◆ **GIVEN RECORDS**
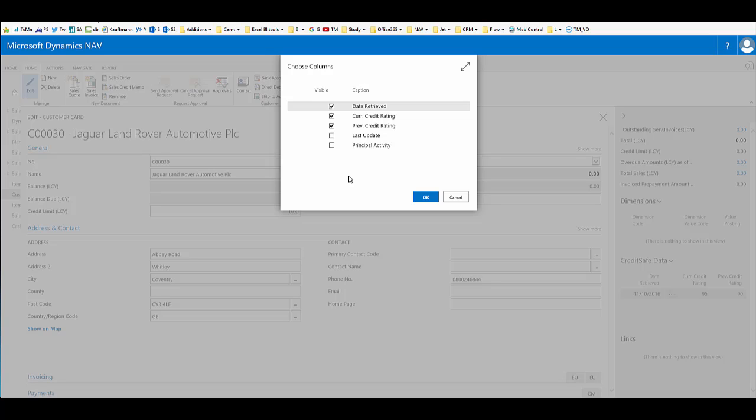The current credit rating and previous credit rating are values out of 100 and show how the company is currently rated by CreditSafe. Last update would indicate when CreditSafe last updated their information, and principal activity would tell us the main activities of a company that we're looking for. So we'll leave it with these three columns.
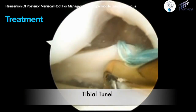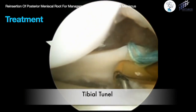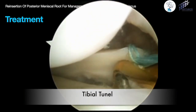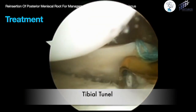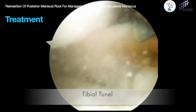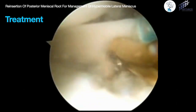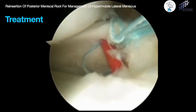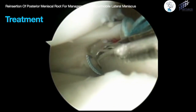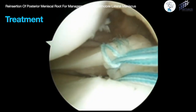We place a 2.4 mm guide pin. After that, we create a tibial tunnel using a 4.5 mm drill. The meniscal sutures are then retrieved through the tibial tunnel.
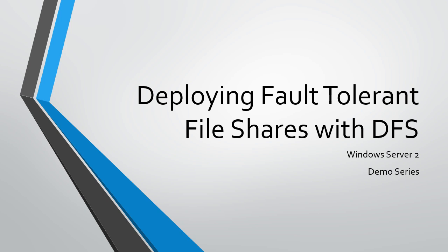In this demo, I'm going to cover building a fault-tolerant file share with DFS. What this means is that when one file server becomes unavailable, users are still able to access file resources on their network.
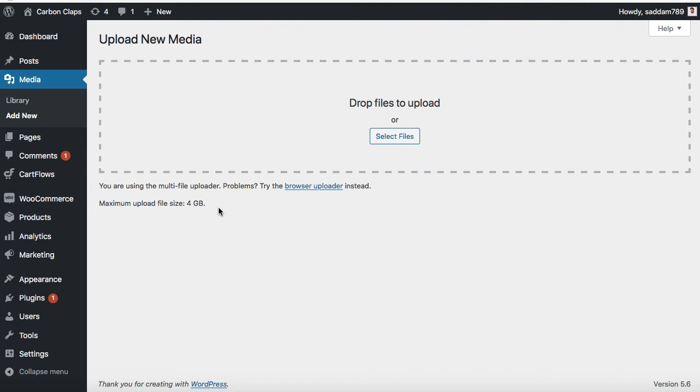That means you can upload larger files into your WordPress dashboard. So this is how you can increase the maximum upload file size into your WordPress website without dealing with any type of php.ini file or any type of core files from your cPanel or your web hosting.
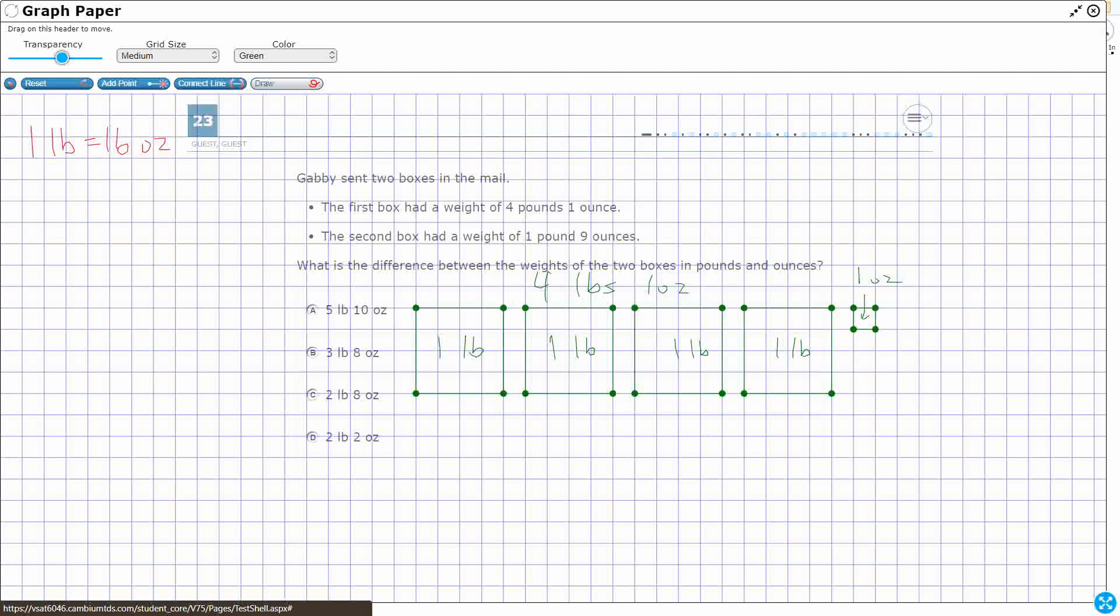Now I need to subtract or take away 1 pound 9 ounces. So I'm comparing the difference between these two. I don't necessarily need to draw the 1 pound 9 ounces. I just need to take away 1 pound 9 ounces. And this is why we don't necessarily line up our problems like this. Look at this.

* * *

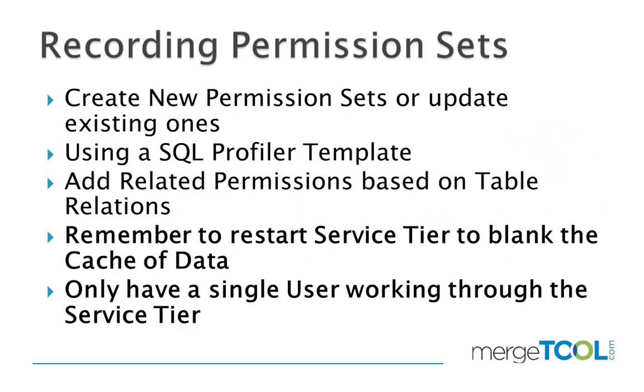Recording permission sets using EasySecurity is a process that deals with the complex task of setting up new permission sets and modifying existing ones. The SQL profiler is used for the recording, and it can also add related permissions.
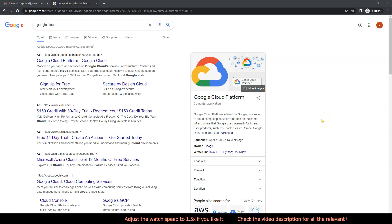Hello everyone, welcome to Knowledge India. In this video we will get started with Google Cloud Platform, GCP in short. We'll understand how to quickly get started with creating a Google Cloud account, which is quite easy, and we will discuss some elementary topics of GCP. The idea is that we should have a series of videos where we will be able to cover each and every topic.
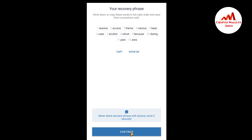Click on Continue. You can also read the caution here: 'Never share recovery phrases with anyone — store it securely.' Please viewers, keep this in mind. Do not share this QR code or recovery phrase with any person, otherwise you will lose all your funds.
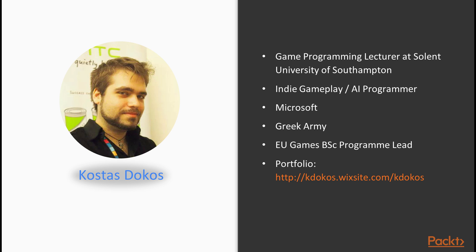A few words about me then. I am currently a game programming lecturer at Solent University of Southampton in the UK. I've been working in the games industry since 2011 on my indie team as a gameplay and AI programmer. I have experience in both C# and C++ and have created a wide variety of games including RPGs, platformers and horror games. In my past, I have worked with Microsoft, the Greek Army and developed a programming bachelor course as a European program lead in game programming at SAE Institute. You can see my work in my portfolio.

◆ **TRY IT**
When you reach the line with "The current credit" in the records above, begin repeating the lines exactly, and stop after the line with "We place a 2.4". Skip all pictures.

◆ **ANSWER TO THE EXERCISE**
The current credit rating and previous credit rating are values out of 100 and show how the company is currently rated by CreditSafe. Last update would indicate when CreditSafe last updated their information, and principal activity would tell us the main activities of a company that we're looking for. So we'll leave it with these three columns.
We place a 2.4 mm guide pin. After that, we create a tibial tunnel using a 4.5 mm drill. The meniscal sutures are then retrieved through the tibial tunnel.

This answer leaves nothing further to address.